⟨

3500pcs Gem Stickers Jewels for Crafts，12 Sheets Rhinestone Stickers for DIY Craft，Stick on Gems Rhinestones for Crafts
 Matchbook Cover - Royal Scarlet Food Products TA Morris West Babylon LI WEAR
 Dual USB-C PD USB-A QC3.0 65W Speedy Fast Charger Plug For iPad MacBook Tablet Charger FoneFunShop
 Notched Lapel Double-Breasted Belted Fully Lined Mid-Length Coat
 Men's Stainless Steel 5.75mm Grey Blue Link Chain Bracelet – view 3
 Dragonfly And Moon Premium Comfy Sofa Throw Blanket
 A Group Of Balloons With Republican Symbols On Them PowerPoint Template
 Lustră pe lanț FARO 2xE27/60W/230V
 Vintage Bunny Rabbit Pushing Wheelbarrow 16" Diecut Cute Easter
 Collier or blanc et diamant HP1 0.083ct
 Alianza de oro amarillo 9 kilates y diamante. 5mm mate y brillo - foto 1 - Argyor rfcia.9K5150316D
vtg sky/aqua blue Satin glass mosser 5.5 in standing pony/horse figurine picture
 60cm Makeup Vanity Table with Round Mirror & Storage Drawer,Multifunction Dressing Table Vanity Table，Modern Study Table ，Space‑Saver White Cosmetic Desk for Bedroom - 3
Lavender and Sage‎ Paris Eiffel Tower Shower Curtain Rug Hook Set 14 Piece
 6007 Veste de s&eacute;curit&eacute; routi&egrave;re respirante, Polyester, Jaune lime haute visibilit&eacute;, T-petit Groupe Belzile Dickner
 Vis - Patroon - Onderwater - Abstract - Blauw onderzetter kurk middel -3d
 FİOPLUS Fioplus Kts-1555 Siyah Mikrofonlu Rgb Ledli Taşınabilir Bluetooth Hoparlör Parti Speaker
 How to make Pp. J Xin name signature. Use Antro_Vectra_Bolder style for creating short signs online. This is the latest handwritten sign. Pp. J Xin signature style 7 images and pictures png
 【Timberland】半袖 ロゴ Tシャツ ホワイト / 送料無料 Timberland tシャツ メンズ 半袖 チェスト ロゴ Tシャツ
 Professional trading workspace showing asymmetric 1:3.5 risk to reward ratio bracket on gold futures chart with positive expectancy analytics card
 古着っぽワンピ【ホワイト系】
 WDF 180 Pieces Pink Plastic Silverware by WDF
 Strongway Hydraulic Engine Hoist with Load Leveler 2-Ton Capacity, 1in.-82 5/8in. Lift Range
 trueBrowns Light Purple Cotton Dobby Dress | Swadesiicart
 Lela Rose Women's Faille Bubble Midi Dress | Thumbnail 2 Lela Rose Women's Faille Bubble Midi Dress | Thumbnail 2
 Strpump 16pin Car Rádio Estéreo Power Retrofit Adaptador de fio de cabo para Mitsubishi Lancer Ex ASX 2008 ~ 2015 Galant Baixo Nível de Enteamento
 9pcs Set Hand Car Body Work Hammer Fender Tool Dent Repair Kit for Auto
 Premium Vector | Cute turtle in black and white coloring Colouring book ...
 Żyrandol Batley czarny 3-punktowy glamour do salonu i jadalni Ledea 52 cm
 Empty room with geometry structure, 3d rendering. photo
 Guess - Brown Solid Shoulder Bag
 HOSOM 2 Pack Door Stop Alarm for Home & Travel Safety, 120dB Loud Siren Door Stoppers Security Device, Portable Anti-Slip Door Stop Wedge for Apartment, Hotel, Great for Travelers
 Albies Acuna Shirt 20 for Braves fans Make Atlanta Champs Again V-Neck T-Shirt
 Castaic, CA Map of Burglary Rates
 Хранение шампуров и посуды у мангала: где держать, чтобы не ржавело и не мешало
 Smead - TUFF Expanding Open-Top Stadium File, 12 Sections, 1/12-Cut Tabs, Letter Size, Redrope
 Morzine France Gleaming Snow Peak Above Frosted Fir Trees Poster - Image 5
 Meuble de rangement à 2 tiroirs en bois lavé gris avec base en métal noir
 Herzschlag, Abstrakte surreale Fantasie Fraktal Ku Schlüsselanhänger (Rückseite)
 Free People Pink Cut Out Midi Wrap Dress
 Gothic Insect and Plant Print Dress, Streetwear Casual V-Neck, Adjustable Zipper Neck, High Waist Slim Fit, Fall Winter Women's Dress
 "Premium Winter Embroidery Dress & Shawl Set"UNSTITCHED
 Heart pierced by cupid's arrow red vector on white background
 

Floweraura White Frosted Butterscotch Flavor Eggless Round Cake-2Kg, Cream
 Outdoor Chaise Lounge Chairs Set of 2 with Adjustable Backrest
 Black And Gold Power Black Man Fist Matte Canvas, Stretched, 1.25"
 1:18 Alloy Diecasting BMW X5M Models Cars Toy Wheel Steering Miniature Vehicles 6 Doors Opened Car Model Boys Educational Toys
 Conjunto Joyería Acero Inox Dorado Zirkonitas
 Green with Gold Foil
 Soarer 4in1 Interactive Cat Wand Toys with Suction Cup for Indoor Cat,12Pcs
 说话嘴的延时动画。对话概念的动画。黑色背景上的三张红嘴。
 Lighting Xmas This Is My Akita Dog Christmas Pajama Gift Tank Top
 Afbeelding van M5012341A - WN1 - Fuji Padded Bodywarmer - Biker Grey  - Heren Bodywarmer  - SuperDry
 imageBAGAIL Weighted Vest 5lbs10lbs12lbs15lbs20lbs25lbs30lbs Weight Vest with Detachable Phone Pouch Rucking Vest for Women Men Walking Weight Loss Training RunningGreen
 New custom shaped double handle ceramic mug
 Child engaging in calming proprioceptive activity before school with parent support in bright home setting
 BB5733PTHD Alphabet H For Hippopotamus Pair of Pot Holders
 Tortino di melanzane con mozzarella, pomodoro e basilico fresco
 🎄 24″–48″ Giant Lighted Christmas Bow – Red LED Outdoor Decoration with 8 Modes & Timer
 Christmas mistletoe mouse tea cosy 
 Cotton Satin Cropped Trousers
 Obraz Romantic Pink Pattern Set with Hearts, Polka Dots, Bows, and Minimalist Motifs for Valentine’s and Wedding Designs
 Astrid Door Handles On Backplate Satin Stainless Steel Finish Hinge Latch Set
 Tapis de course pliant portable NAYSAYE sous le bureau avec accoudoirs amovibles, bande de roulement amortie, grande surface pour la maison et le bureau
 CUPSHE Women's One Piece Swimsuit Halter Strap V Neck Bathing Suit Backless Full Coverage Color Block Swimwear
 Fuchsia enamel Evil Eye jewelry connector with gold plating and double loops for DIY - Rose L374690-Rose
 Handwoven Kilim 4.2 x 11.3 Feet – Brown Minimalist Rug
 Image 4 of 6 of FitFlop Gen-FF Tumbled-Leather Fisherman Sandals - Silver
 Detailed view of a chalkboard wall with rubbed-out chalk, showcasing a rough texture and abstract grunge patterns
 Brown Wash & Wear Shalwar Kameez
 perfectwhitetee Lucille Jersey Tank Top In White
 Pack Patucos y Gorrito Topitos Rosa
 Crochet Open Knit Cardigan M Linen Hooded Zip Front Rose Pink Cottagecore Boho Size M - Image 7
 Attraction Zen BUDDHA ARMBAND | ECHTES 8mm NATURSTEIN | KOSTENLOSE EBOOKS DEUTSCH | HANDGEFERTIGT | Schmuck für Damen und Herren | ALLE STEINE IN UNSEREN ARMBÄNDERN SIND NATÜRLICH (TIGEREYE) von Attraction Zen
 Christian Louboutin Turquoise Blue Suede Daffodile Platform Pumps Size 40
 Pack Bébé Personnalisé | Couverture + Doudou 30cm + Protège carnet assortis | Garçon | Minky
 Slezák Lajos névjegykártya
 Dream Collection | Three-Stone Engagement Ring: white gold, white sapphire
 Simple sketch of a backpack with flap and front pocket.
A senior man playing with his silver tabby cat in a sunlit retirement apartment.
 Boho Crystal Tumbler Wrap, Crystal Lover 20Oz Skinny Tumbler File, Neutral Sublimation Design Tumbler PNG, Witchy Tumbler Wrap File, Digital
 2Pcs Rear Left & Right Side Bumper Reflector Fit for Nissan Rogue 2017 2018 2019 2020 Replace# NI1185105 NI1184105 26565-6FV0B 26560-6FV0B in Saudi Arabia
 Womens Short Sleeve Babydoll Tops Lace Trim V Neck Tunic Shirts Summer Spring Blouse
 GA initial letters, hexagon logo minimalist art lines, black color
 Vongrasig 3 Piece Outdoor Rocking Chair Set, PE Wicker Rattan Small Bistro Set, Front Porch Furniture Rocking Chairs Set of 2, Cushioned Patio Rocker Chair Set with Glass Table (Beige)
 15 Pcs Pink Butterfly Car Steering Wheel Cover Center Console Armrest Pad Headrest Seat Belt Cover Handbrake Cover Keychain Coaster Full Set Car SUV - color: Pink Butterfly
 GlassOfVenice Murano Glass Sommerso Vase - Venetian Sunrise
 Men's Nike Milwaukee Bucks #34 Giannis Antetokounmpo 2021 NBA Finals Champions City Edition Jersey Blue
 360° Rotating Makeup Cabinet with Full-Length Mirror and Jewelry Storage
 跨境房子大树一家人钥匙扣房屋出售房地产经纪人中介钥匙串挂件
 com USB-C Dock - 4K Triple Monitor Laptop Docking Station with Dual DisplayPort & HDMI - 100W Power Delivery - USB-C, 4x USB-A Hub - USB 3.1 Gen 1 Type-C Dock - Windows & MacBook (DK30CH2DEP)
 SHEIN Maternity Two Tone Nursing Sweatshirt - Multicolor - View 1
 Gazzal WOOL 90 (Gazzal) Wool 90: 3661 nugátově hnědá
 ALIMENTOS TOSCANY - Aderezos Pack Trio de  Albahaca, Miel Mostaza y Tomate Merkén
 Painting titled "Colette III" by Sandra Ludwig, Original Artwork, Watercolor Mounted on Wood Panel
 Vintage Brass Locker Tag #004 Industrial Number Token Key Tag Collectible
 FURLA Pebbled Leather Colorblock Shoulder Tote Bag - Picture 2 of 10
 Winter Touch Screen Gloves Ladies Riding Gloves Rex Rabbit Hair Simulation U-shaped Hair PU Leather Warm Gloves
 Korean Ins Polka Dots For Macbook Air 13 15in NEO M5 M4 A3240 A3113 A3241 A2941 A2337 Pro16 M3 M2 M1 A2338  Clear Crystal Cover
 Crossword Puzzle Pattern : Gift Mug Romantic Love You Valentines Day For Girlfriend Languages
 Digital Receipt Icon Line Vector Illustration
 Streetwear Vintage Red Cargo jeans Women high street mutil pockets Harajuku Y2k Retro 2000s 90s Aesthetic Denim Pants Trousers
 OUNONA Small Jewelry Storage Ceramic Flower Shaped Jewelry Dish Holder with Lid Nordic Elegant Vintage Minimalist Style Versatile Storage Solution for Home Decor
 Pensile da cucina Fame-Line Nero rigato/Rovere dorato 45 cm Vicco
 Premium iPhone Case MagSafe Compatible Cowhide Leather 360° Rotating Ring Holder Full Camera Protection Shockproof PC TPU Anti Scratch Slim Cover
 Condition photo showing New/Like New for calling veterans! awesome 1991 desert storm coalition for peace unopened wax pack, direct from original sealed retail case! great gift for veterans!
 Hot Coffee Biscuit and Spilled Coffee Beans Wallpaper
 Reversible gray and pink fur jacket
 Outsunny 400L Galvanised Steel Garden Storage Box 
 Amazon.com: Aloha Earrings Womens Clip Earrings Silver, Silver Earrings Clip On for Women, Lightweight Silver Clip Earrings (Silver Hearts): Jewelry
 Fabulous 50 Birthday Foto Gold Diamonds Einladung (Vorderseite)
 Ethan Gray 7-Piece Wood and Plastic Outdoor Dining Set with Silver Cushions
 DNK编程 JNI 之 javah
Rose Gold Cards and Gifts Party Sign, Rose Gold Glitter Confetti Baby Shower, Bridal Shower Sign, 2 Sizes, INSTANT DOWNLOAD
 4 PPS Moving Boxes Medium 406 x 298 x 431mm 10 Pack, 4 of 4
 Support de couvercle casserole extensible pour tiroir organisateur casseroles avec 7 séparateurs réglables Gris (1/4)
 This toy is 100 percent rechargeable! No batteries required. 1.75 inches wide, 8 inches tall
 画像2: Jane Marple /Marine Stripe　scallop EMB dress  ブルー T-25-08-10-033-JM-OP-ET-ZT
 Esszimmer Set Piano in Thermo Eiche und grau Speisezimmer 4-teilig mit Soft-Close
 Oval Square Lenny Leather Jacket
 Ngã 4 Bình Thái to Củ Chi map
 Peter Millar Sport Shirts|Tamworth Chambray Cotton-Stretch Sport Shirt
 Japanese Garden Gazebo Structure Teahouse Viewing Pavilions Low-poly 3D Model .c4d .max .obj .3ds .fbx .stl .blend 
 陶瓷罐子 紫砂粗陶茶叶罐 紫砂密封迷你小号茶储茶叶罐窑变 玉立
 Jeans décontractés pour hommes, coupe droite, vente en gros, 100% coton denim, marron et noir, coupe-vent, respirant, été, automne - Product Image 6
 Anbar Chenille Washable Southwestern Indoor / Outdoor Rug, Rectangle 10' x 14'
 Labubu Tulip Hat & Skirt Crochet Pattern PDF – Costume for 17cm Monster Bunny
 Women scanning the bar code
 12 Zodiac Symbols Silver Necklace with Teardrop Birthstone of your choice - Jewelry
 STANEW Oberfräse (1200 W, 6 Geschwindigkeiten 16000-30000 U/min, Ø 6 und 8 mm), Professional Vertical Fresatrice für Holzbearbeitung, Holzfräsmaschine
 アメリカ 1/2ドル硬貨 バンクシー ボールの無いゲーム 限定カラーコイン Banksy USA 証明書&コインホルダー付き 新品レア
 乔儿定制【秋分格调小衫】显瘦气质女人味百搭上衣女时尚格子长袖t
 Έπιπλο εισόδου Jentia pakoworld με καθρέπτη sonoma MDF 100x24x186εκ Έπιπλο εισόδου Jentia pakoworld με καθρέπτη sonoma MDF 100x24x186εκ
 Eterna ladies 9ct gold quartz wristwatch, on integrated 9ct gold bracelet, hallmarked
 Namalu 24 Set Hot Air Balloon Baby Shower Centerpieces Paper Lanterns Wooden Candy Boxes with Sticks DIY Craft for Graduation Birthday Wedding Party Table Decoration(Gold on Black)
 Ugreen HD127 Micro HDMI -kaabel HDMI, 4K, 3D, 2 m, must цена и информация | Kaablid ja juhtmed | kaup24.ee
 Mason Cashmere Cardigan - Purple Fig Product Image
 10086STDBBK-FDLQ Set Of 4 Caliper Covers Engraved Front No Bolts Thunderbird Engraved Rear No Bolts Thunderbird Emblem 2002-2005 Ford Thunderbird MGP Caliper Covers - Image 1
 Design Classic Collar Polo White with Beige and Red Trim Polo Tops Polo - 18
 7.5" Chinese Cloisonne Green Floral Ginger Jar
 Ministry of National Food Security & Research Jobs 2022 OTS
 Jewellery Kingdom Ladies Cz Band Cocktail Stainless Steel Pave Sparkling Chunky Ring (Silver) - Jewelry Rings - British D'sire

⟩

* **Exercise prompt**
Print, from the entries above, the line with "2Pcs Rear Left", the line with "GA initial letters, hexagon" and all lines between them, exactly and with nothing else.

* **Your solution**
 2Pcs Rear Left & Right Side Bumper Reflector Fit for Nissan Rogue 2017 2018 2019 2020 Replace# NI1185105 NI1184105 26565-6FV0B 26560-6FV0B in Saudi Arabia
 Womens Short Sleeve Babydoll Tops Lace Trim V Neck Tunic Shirts Summer Spring Blouse
 GA initial letters, hexagon logo minimalist art lines, black color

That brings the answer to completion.